### What the exercise asks
From the records below, copy each line in which the string "인스티즈" occurs.
::: Exercise materials
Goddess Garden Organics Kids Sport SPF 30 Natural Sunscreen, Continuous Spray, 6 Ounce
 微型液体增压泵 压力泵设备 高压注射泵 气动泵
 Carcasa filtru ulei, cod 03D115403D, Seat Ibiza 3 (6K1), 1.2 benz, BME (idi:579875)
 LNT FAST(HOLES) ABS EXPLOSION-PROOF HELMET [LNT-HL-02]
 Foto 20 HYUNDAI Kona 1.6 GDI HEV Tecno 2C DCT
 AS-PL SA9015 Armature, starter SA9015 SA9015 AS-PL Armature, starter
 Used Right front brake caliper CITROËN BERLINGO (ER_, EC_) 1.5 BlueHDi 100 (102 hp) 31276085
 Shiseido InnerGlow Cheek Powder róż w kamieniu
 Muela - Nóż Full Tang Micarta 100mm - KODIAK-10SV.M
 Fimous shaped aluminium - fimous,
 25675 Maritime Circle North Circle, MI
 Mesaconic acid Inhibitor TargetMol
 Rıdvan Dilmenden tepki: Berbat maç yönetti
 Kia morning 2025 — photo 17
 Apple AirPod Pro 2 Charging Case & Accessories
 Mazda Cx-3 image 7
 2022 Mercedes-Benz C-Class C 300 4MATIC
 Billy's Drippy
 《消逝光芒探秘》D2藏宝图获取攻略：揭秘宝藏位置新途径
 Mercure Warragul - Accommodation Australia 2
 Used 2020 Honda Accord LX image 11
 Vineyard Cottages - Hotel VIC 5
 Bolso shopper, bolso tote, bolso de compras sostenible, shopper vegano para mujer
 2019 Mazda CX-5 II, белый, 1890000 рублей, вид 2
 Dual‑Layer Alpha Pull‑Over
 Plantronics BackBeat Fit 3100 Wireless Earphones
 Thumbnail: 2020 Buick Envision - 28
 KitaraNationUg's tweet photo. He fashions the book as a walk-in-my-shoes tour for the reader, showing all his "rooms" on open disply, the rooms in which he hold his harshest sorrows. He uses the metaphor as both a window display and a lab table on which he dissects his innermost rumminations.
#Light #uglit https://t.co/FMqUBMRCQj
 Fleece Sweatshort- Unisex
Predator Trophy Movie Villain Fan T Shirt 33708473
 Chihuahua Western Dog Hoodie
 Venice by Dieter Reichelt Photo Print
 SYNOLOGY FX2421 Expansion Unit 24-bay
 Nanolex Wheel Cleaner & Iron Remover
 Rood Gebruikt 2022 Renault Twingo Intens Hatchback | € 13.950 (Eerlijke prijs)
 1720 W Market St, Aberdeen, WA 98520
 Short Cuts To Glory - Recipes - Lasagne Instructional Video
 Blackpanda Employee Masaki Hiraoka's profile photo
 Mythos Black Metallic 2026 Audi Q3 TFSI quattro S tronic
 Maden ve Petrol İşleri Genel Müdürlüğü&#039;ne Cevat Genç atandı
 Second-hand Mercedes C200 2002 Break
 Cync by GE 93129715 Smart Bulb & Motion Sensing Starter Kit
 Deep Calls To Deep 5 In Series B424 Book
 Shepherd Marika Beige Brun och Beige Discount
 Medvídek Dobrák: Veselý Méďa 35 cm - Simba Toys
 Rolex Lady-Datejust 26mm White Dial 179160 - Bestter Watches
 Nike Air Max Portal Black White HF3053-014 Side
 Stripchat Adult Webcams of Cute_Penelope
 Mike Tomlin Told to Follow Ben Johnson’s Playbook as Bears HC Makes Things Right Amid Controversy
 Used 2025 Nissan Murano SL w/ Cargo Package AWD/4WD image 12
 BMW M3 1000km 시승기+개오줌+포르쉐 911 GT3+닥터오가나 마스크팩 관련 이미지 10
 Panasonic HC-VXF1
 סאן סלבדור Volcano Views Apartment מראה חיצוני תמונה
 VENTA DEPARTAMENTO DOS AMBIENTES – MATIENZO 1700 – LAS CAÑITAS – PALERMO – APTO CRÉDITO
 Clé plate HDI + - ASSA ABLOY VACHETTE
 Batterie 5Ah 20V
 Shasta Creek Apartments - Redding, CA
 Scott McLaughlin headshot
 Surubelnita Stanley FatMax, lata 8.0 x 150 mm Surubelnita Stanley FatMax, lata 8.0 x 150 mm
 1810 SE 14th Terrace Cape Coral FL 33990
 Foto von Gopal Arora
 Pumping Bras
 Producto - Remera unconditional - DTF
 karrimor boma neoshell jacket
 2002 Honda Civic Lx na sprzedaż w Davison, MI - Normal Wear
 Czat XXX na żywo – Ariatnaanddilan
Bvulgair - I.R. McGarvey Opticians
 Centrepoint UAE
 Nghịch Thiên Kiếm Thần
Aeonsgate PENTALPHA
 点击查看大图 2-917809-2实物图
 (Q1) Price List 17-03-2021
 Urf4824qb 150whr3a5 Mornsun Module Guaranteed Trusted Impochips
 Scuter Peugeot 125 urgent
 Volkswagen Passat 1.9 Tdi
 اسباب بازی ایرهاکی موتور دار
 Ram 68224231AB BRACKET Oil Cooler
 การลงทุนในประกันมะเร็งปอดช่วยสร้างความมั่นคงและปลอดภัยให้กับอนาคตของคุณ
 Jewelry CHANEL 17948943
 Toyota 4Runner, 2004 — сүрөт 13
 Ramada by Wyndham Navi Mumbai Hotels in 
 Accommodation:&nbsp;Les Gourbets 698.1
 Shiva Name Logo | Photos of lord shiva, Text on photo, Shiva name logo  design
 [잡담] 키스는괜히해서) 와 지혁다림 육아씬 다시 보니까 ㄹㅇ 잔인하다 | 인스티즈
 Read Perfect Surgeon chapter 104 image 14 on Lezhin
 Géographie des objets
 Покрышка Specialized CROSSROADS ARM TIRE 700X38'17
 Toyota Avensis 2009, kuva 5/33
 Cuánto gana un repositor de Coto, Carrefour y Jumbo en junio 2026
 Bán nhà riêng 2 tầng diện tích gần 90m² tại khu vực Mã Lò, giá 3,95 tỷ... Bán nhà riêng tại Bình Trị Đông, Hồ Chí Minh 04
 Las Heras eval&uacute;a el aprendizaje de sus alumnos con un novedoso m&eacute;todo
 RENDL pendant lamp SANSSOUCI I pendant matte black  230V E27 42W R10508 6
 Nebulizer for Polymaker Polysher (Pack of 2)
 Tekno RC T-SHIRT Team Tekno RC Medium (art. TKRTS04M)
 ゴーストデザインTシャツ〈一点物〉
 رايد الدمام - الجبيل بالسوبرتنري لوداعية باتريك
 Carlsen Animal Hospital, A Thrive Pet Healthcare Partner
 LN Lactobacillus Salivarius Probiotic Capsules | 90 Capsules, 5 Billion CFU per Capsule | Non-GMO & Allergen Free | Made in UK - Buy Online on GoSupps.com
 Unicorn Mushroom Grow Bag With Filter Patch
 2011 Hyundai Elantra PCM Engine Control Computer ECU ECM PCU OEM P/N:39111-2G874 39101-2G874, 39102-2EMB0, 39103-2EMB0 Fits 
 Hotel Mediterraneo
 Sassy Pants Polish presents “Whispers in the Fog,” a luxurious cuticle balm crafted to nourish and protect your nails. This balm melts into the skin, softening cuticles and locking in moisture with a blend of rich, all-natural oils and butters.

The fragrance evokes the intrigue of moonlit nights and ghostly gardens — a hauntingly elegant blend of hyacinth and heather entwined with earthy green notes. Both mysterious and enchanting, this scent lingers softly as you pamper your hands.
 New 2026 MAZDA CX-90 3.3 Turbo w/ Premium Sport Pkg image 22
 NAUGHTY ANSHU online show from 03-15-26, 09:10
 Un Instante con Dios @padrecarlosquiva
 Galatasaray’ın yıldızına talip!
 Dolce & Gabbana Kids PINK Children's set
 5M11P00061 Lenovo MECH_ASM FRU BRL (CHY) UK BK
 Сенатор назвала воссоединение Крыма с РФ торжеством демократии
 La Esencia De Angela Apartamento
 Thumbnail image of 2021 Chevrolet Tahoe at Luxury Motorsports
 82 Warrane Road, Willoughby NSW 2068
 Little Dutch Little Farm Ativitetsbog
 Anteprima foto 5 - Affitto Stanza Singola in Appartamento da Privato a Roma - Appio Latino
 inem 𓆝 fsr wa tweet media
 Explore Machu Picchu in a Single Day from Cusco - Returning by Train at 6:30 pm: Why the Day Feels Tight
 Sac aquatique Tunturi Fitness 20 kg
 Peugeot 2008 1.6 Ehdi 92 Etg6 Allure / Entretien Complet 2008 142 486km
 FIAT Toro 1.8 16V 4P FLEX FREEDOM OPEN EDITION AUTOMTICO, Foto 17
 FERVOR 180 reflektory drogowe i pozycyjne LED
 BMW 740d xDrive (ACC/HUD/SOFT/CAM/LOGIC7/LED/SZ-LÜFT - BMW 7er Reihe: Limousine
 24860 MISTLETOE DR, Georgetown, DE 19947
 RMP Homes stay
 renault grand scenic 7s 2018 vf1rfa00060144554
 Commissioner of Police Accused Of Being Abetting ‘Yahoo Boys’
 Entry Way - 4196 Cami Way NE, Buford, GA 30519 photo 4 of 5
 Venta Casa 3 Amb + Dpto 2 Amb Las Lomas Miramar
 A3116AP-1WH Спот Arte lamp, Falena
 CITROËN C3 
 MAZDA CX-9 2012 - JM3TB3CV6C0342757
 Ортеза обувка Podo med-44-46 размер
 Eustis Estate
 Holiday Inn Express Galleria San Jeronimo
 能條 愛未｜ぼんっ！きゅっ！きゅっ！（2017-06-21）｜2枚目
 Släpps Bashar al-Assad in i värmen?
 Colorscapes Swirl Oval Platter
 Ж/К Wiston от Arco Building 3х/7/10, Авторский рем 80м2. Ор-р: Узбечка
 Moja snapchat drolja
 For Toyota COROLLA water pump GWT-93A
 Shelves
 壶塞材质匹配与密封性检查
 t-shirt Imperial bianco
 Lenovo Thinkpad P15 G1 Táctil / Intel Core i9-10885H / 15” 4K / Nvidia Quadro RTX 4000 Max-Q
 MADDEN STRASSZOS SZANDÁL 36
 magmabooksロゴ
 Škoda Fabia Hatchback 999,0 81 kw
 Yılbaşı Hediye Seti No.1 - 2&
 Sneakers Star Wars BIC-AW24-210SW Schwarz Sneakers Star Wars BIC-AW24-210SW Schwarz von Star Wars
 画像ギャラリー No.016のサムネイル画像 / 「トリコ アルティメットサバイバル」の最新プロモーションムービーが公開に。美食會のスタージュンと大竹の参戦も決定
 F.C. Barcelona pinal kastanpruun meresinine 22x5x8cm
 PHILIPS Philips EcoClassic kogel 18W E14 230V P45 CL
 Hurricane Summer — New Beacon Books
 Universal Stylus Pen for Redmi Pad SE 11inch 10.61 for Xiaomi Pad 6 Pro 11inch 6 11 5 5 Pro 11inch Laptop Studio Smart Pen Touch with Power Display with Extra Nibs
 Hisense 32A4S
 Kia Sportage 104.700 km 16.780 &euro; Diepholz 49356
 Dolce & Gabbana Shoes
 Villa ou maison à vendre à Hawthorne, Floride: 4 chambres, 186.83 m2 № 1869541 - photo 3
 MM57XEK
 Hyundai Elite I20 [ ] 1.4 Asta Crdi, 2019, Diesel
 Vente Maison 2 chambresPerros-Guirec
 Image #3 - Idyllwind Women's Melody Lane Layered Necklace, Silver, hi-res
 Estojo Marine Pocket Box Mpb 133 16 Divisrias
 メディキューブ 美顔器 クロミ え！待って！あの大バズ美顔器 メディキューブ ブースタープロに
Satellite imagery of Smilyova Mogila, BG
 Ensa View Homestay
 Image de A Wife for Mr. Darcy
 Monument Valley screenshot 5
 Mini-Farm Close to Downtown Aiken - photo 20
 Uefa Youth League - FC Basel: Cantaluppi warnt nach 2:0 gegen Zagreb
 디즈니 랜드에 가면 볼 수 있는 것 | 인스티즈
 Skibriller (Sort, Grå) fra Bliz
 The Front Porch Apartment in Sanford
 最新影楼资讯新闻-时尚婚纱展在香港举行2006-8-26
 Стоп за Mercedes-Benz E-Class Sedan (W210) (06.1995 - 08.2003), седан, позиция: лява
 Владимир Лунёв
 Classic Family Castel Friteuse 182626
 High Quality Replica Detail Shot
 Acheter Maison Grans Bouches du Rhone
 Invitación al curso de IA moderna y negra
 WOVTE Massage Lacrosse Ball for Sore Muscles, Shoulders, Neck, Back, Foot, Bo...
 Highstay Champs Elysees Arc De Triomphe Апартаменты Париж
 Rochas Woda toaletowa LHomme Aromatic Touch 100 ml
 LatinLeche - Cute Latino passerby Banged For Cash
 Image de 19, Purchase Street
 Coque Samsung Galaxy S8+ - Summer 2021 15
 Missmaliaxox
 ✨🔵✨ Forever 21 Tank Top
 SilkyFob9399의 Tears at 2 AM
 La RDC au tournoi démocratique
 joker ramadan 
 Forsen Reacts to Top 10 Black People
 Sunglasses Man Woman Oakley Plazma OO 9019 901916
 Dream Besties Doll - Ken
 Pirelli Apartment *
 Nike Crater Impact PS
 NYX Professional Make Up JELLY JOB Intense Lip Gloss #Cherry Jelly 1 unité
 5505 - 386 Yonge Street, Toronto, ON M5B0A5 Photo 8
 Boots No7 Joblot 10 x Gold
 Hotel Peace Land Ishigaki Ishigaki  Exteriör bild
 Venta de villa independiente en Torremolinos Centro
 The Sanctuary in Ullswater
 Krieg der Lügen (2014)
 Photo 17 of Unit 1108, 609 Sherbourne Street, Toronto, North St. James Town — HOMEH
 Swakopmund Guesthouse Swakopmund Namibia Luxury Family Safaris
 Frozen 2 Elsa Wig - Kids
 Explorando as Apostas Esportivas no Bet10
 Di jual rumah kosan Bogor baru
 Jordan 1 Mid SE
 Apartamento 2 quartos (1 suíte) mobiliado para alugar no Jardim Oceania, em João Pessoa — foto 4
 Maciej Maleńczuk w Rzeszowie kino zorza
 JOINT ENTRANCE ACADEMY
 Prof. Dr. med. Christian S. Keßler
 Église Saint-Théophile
::::::
### Your response
 [잡담] 키스는괜히해서) 와 지혁다림 육아씬 다시 보니까 ㄹㅇ 잔인하다 | 인스티즈
 디즈니 랜드에 가면 볼 수 있는 것 | 인스티즈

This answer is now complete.